** Opening Material for this exercise block **

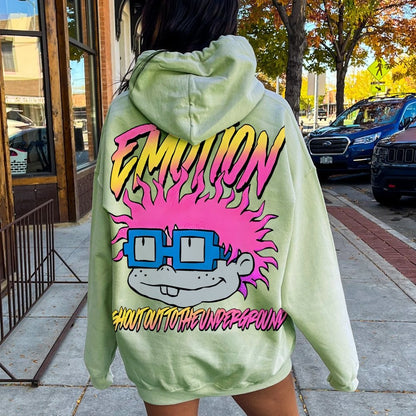 Vintage Cartoon Monster Graphic Print Printed Back Cotton Hoodie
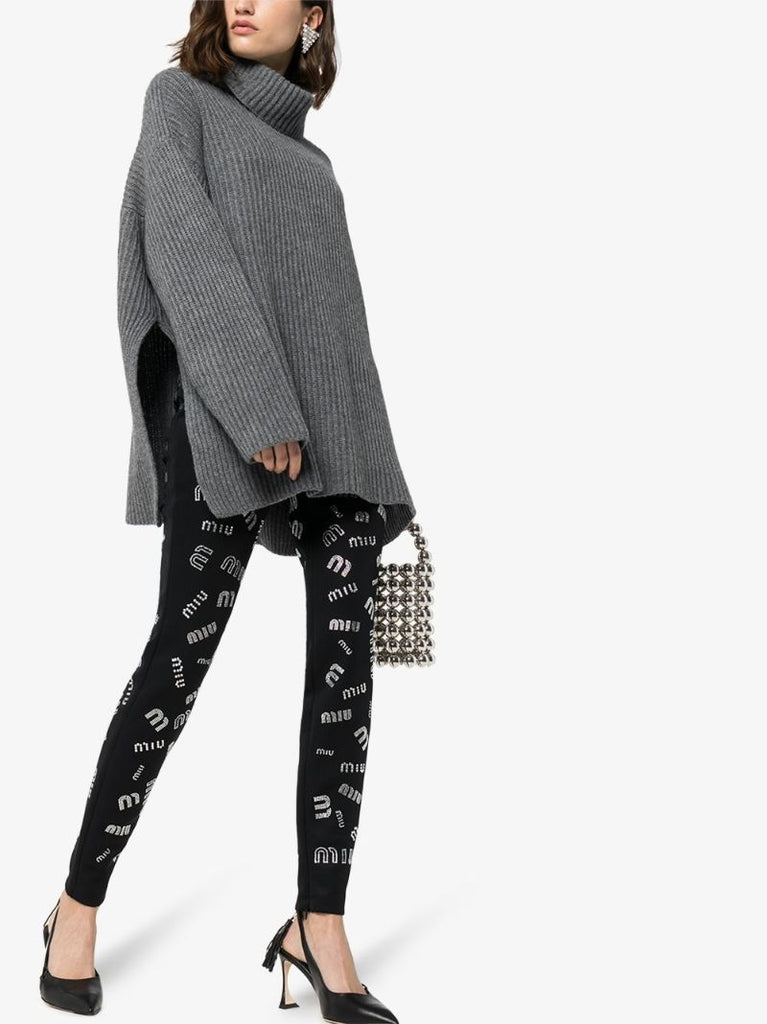 Embellished Logo Leggings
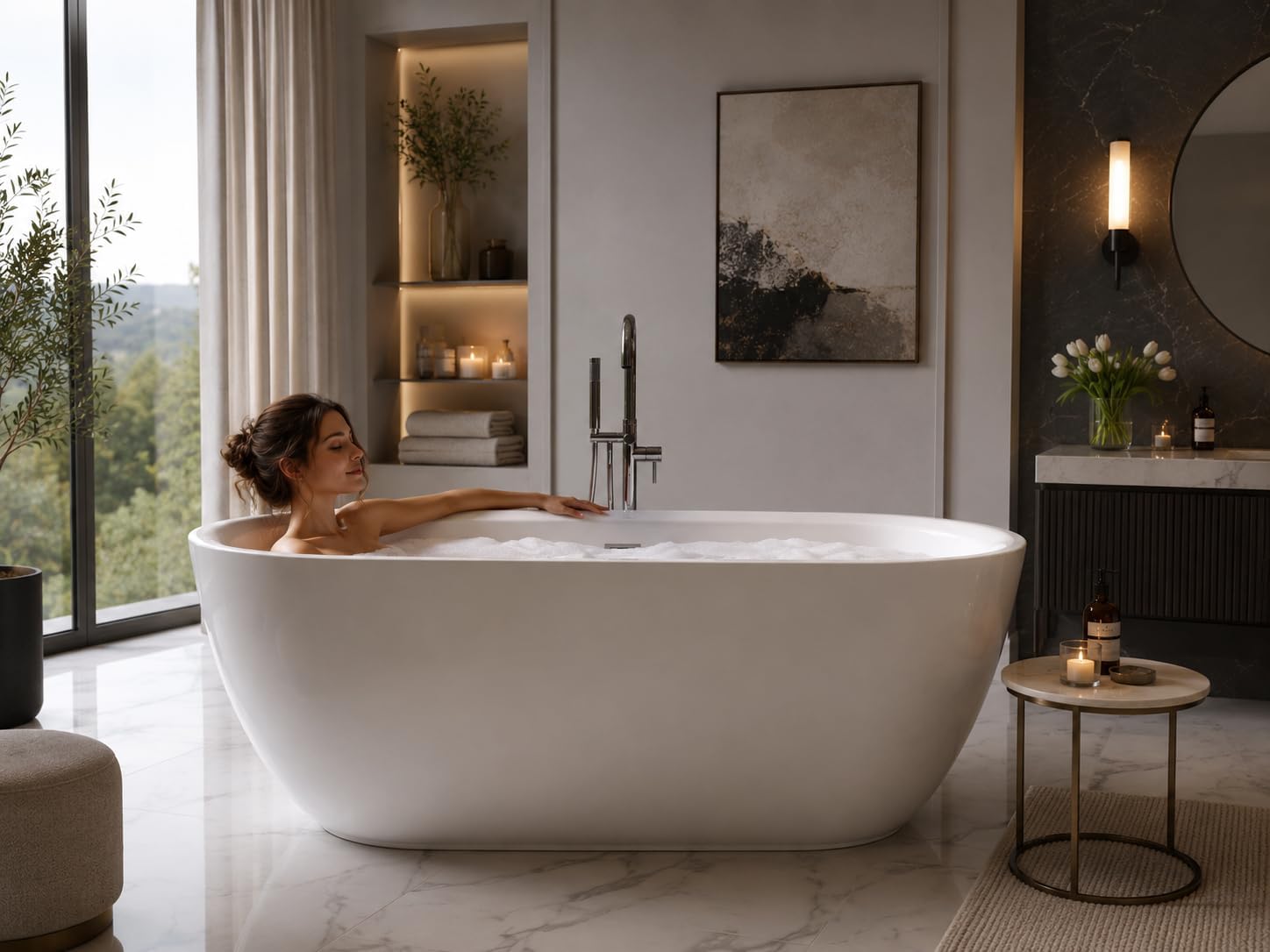 ANZZI Freestanding Bathtub 67 in Acrylic Glossy White Flat Bottom Soaking Tub, Ami Series One-Piece, Center Drain, Polished Chrome Overflow, Slip-Resistant Floor, Leveling Adjustable Feet | FT-AZ401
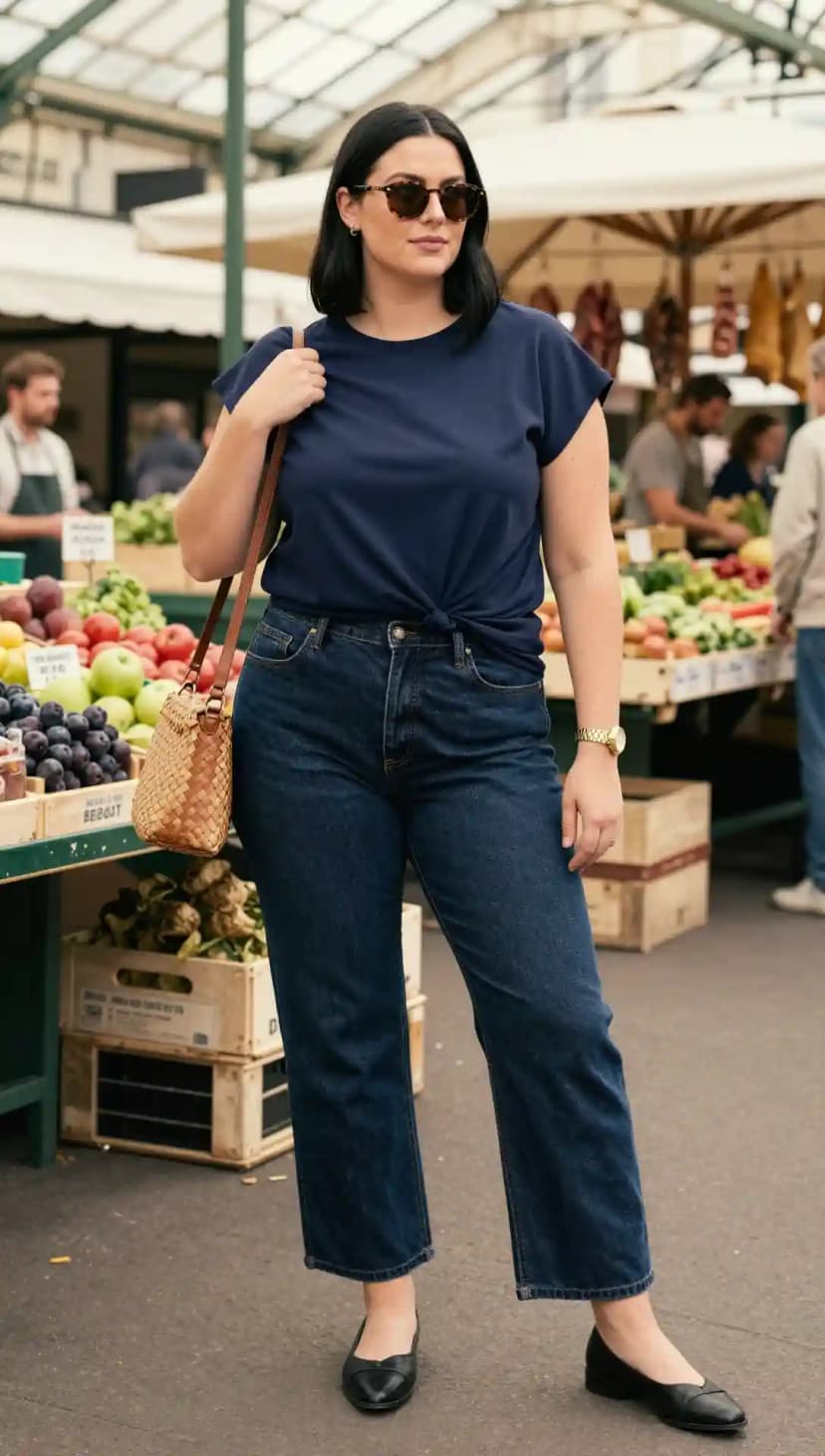 Navy Cotton T-shirt + Dark Wash Denim Jeans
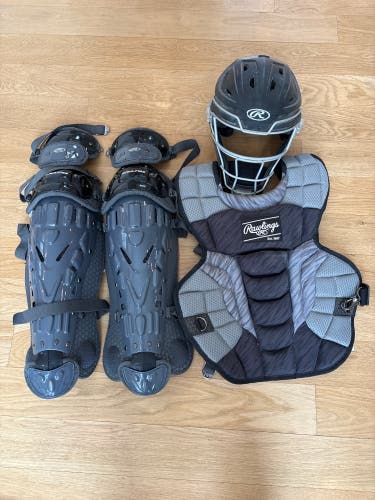 Black/Gray Rawlings Velo 2.0 Catcher's Set (New)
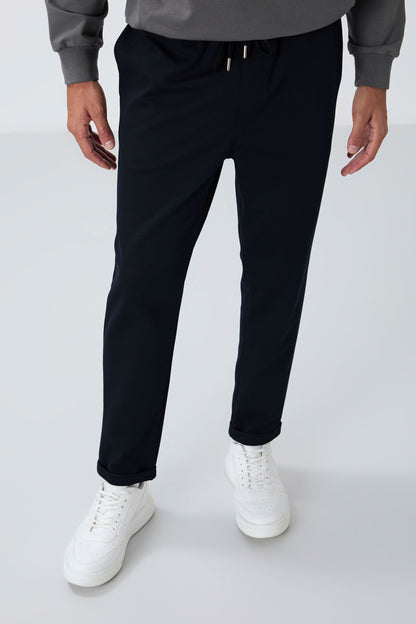 Navy Blue Textured Surface Standard Fit Men's Tracksuit Bottom - 82154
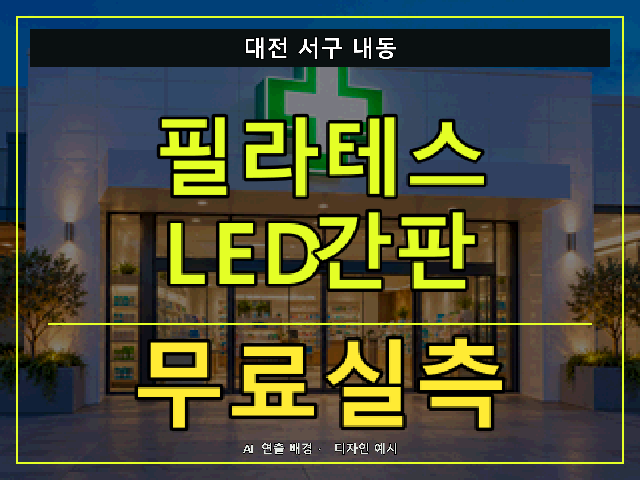 대전 서구 내동 필라테스 LED간판 무료실측 안내 썸네일 · AI 연출 배경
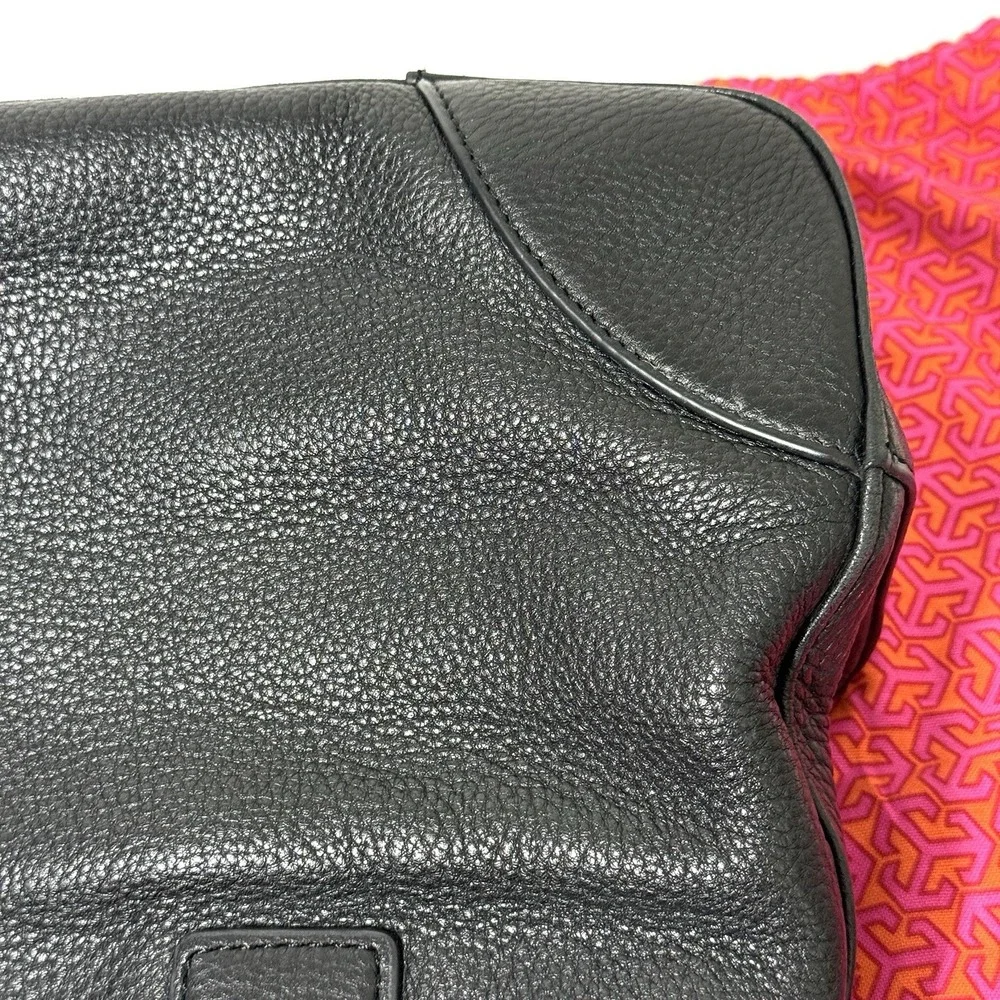 Tory Burch Robinson Triple Compartment Black Pebbled‎ Leather Tote Shoulder Bag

** Closing Material for this exercise block **

What is required :: Without including any image, reproduce the full listing above as written.

Solved exercise ::
 Vintage Cartoon Monster Graphic Print Printed Back Cotton Hoodie
 Embellished Logo Leggings
 ANZZI Freestanding Bathtub 67 in Acrylic Glossy White Flat Bottom Soaking Tub, Ami Series One-Piece, Center Drain, Polished Chrome Overflow, Slip-Resistant Floor, Leveling Adjustable Feet | FT-AZ401
 Navy Cotton T-shirt + Dark Wash Denim Jeans
 Black/Gray Rawlings Velo 2.0 Catcher's Set (New)
 Navy Blue Textured Surface Standard Fit Men's Tracksuit Bottom - 82154
 대전 서구 내동 필라테스 LED간판 무료실측 안내 썸네일 · AI 연출 배경
 Tory Burch Robinson Triple Compartment Black Pebbled‎ Leather Tote Shoulder Bag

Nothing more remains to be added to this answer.